The GE Hungary invoices indicate that the merchandise was to be shipped directly to GEII’s U.S. customers. This suggests that GEII never took possession of the goods. Moreover, no other relevant evidence has been made available concerning the roles of the parties and the transactions in general. In addition, no evidence of payment by GEII was provided. Therefore, we are unable to determine whether GEII actually provided GE Hungary with any consideration for the alleged sales of the goods. Consequently, based on the information provided, we cannot conclude that there were bona fide sales between GE Hungary and GEII.

Sale for Export

Even if the protestant established that there were bona fide sales between GE Hungary and GEII, it is unclear whether the shroud set was clearly destined for the United States at the time it was sold to GEII. The GE Hungary invoices indicate that GE Hungary was to ship the merchandise to GEII’s U.S. customers. However, the October entry summary for the shroud set indicates that the merchandise was shipped from the Netherlands and that the country of origin of the merchandise is Hungary. Although this fact does not preclude a finding that the merchandise was clearly destined for the United States, this is one factor to consider with all other available evidence. However, no other evidence has been offered to refute the possibility that a contingency of diversion may exist. For instance, no evidence has been proffered to suggest that there is something unique about the merchandise that would prevent it from being diverted into other non-U.S. markets at the time of its shipment to the Netherlands. See, e.g. HRL 547349, dated May 5, 2000, (where the absence of anything unique about merchandise shipped to a warehouse for consolidation and quality control inspection contributed to a determination that the merchandise was not “clearly destined” for the U.S. market). We also note that the December GE Hungary invoice reflects that the country of origin of the gas turbine part is Italy. The corresponding original entry summary reflects that the country of origin and the country of export of the gas turbine part is Italy. This evidence seems to indicate that the gas turbine part was shipped directly from its country of manufacture to the United States. However, as noted above, we do not have sufficient information to determine that a bona fide sale occurred between GE Hungary and GEII.

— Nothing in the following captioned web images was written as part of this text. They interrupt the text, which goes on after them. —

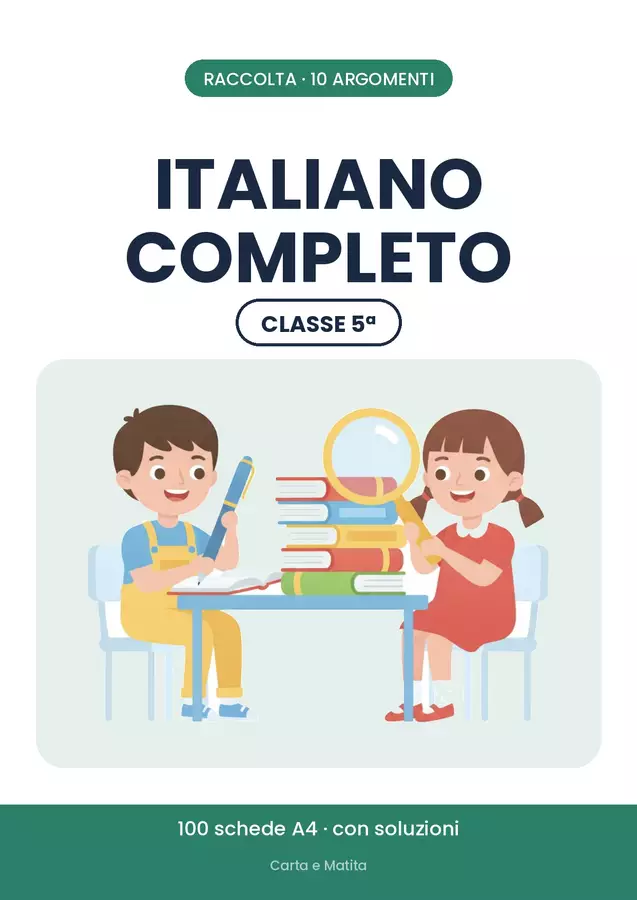 📚 Italiano classe quinta: il programma con 100 schede Esercizi - 📚 Italiano classe quinta: il programma con 100 schede - Carta e Matita - Pagina di copertina
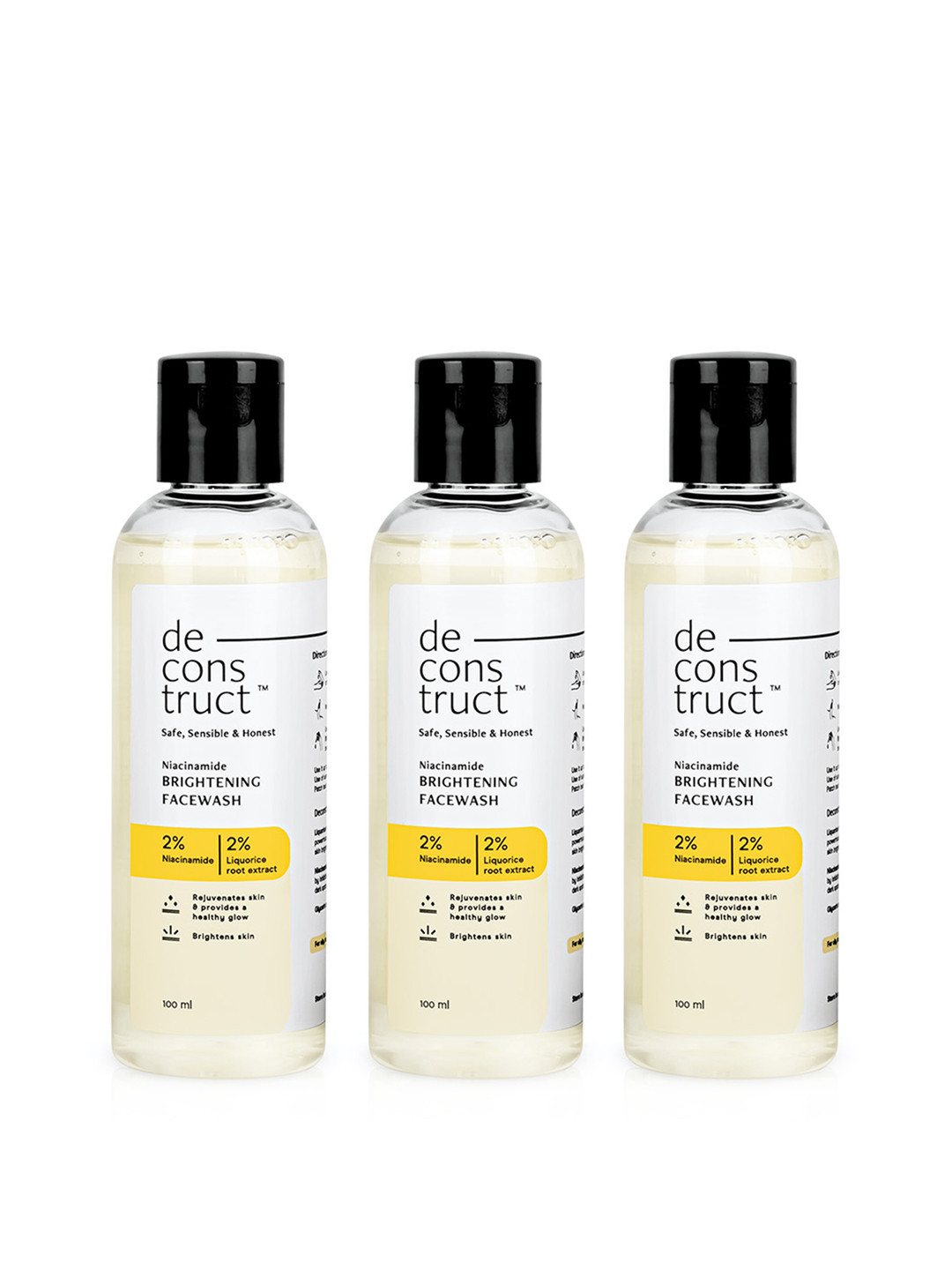 deconstruct Set of 3 Brightening Face Wash with 2% Niacinamide - 100ml each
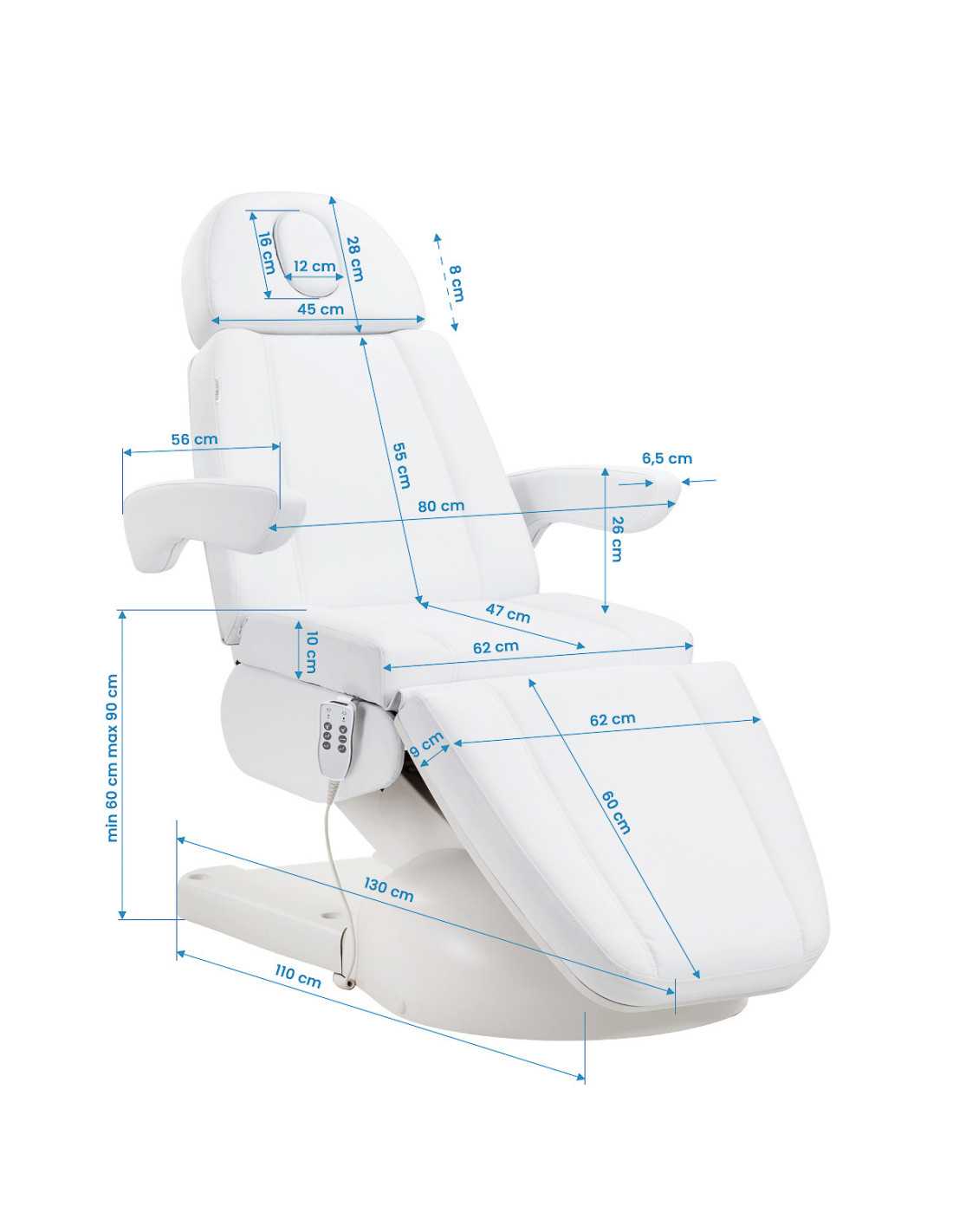 Poltrona elétrica estética Milano White com 3 motores Pro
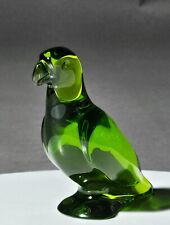 Vintage Baccarat Crystal Green Parrot Figurine picture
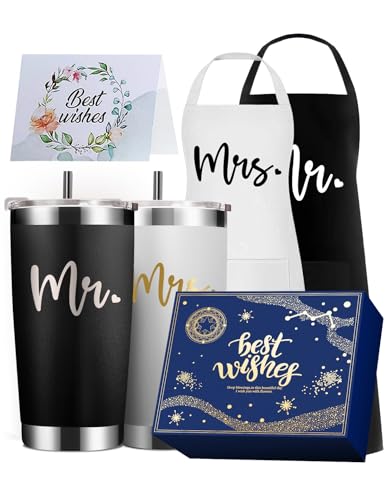 JETIKON Wedding Gifts for Couples 2025 Bridal Shower & Engagement Gifts - His & Hers Mr & Mrs Stainless Steel Insulated 20oz Tumbler & Apron Set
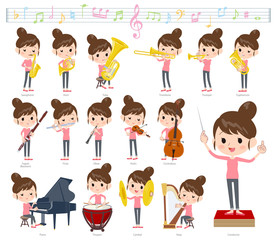 Bun hair mom Pants style_classic music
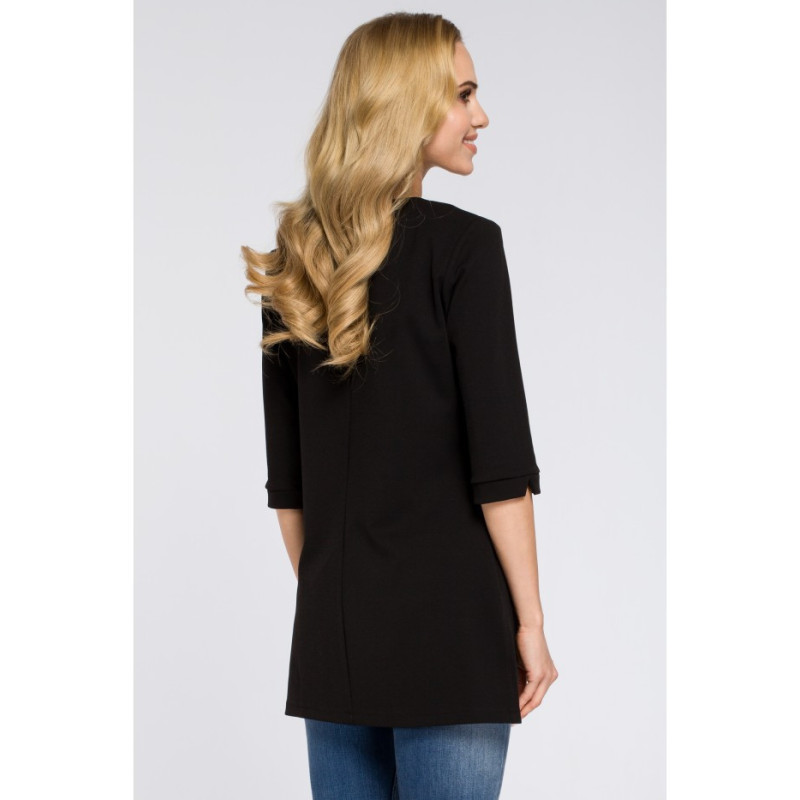 M278 Asymetryczna tunika z zamkiem - czarna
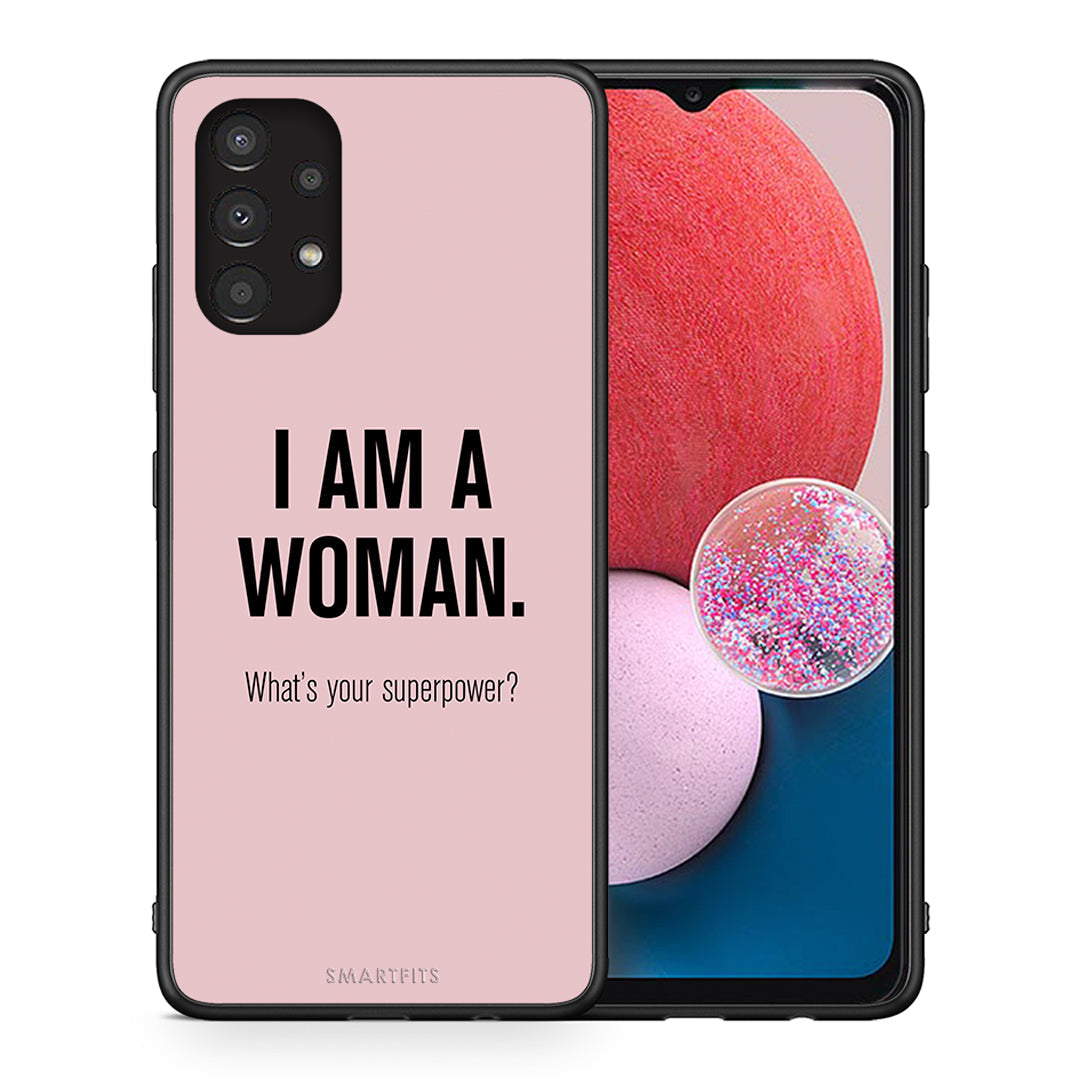 Θήκη Samsung A13 4G Superpower Woman από τη Smartfits με σχέδιο στο πίσω μέρος και μαύρο περίβλημα | Samsung A13 4G Superpower Woman case with colorful back and black bezels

Relationship of the Parties

If it were established that the transactions between GE Hungary and GEII were bona fide sales for export to the United States, the use of the transaction value method of appraisement based on this related party sale is not necessarily possible. Section 152.103(j)(1)(iv), Customs Regulations (19 C.F.R. § 152.103(j)(1)(iv)), provides that imported merchandise is appraised under transaction value only if the buyer and seller are not related, or if related, the transaction value is deemed to be acceptable. In the alleged sales, we assume that the buyer, GEII, and the seller, GE Hungary, are related parties pursuant to 19 U.S.C. § 1401a(g)(1). The transaction value between related parties is acceptable only if an examination of the circumstances of sale indicates that the relationship between the parties did not influence the price actually paid or payable, or the transaction value of the imported merchandise closely approximates the transaction value of identical or similar merchandise in sales to unrelated buyers in the United States or the deductive or computed value for identical or similar merchandise. 19 U.S.C. § 1401a(b)(2)(B). Under the circumstances of sale approach, if the parties buy and sell from one another as if they were unrelated, transaction value will be considered acceptable. Thus, if the price is determined in a manner consistent with normal industry pricing practice, or with the way the seller deals with unrelated buyers, the price actually paid or payable will be deemed not to have been influenced by the relationship. Furthermore, the price will be acceptable if it is shown that the price is adequate to ensure recovery of all costs plus a profit that is equivalent to the firm’s overall profit realized over a representative period of time in sales of merchandise of the same class or kind. Statement of Administrative Action, H.R. Doc. No. 153, Pt. II, 96th Cong., 1st Sess. (1979), reprinted in Department of Treasury, Customs Valuation under the Trade Agreements Act of 1979, 54 (1981). See also 19 C.F.R. § 152.103(j)(2)).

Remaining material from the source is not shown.